RECORDS FOR THE TASK:
- Opening Delimiter -

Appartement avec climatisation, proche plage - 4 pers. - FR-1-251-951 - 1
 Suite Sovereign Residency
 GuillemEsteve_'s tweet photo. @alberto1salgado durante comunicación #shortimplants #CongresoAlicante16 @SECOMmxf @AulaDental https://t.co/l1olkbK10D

- Closing Delimiter -
- Opening Delimiter -

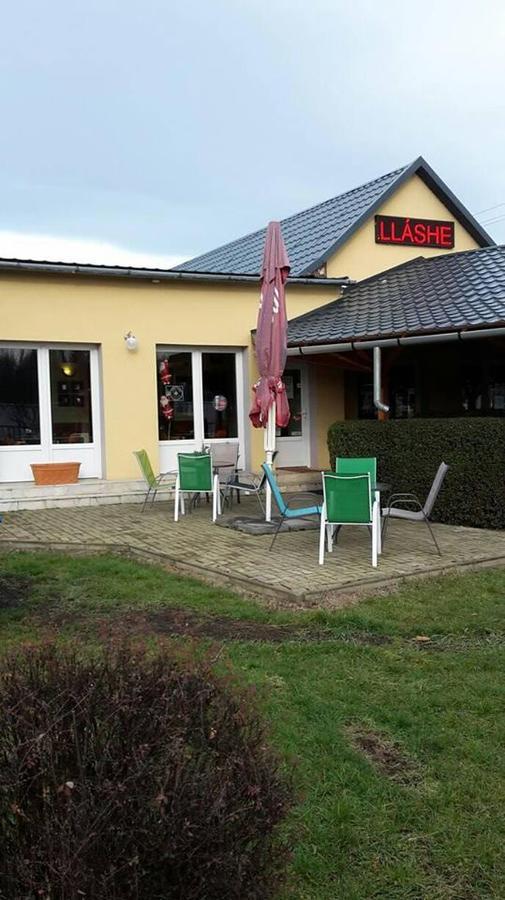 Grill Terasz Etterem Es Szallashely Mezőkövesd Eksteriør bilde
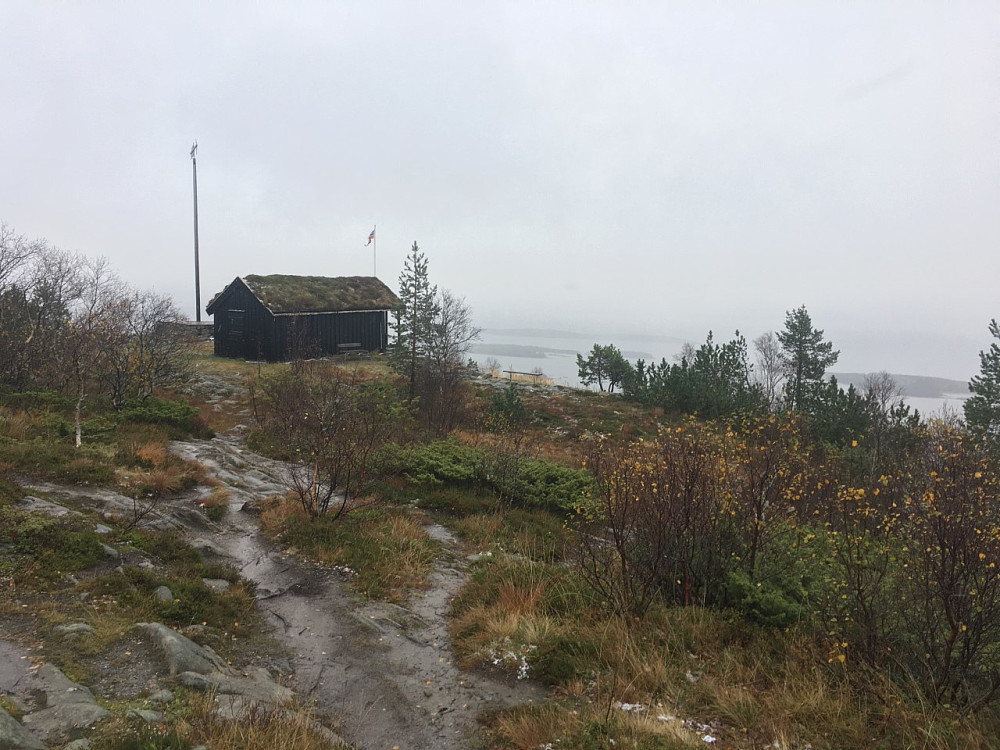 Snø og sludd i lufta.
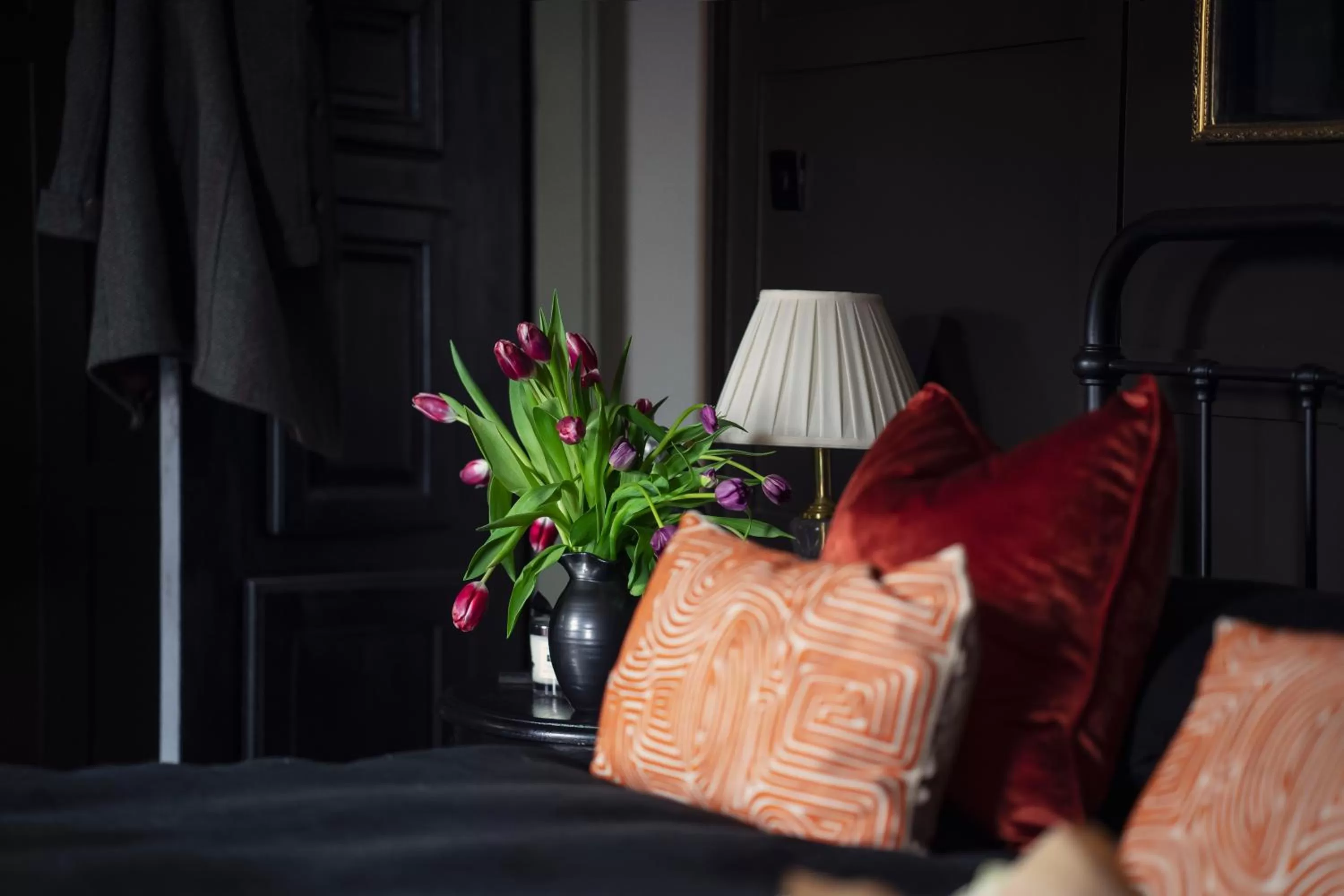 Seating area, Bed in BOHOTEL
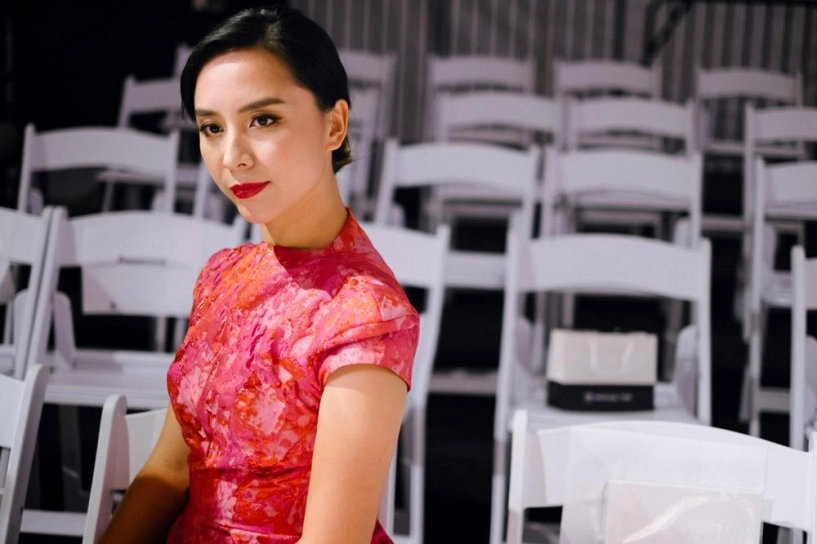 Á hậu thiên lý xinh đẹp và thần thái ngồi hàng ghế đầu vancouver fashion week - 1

- Closing Delimiter -
- Opening Delimiter -

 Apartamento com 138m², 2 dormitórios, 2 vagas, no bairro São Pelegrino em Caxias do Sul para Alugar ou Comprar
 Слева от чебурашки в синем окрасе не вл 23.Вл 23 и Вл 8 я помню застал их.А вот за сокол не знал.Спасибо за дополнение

- Closing Delimiter -

Using the entries above, output exactly the lines between the line holding "Appartement avec climatisation, proche" and the line holding "GuillemEsteve_'s tweet photo.", end lines included, and nothing more.

OUTPUT FOR THIS TASK:
Appartement avec climatisation, proche plage - 4 pers. - FR-1-251-951 - 1
 Suite Sovereign Residency
 GuillemEsteve_'s tweet photo. @alberto1salgado durante comunicación #shortimplants #CongresoAlicante16 @SECOMmxf @AulaDental https://t.co/l1olkbK10D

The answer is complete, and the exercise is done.